=== Data ===
^^^^

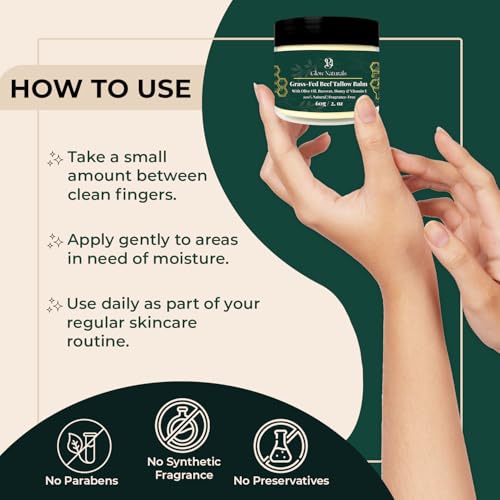 Beef Tallow For Skin - 2 oz Fragrance Free Tallow And Honey Balm With Olive Oil, Beeswax & Vitamin E - Grass Fed Beef Tallow For Face, Body & Dry, Sensitive Skin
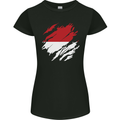 Torn Indonesia Flag Indonesian Day Football Womens Petite Cut T-Shirt Black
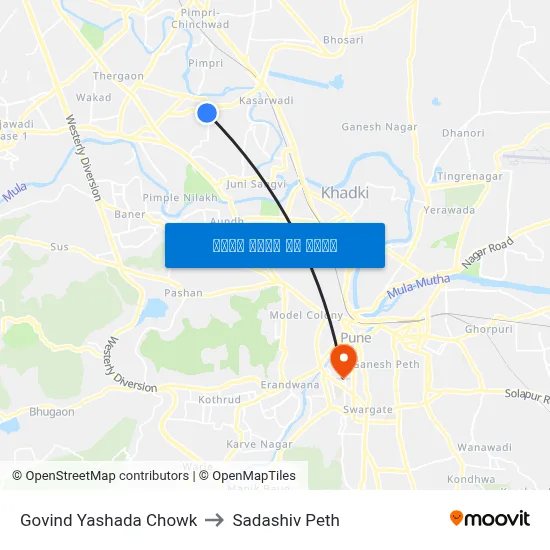 गोविंद यशदा चौक to सदाशिव पेठ map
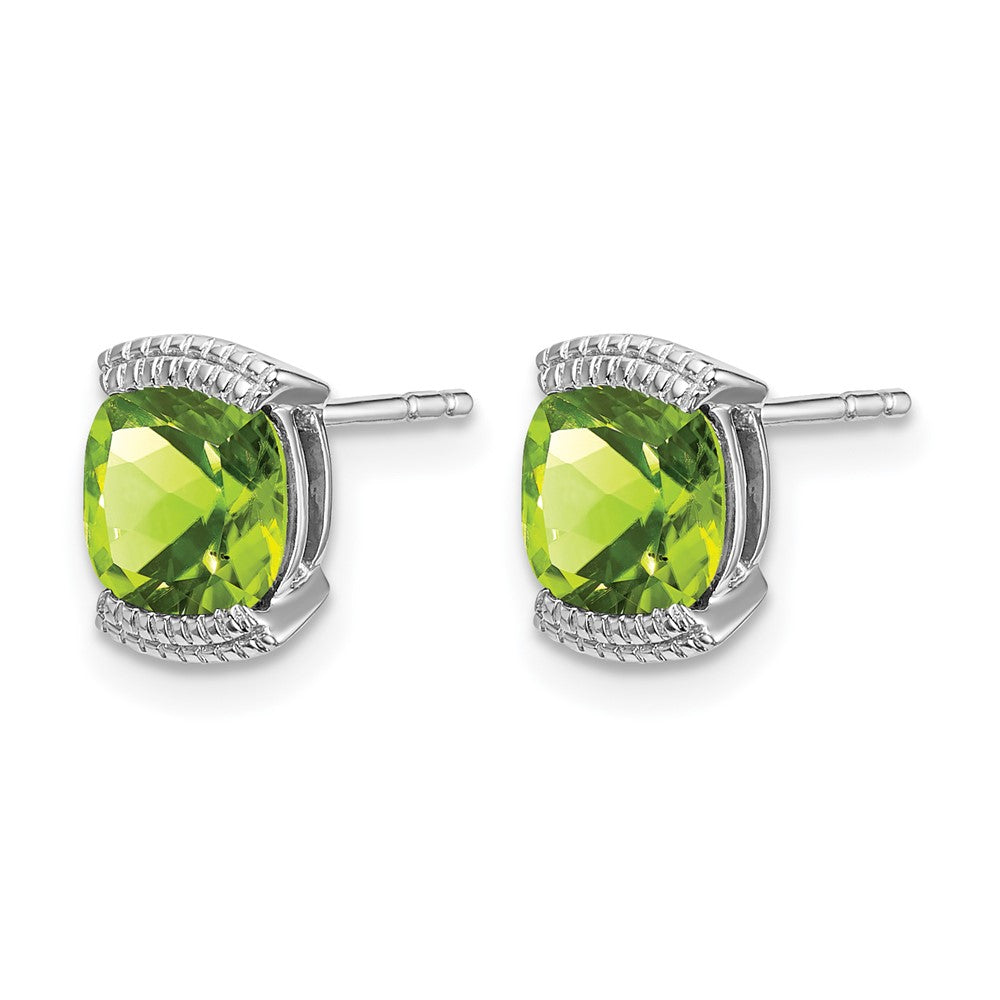 14K Weißgold Peridot-Ohrstecker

^^^^

=== Task directions ===
Restate the data word for word and exclude every picture.

=== Answer below ===
 Beef Tallow For Skin - 2 oz Fragrance Free Tallow And Honey Balm With Olive Oil, Beeswax & Vitamin E - Grass Fed Beef Tallow For Face, Body & Dry, Sensitive Skin
 Torn Indonesia Flag Indonesian Day Football Womens Petite Cut T-Shirt Black
 गोविंद यशदा चौक to सदाशिव पेठ map
 14K Weißgold Peridot-Ohrstecker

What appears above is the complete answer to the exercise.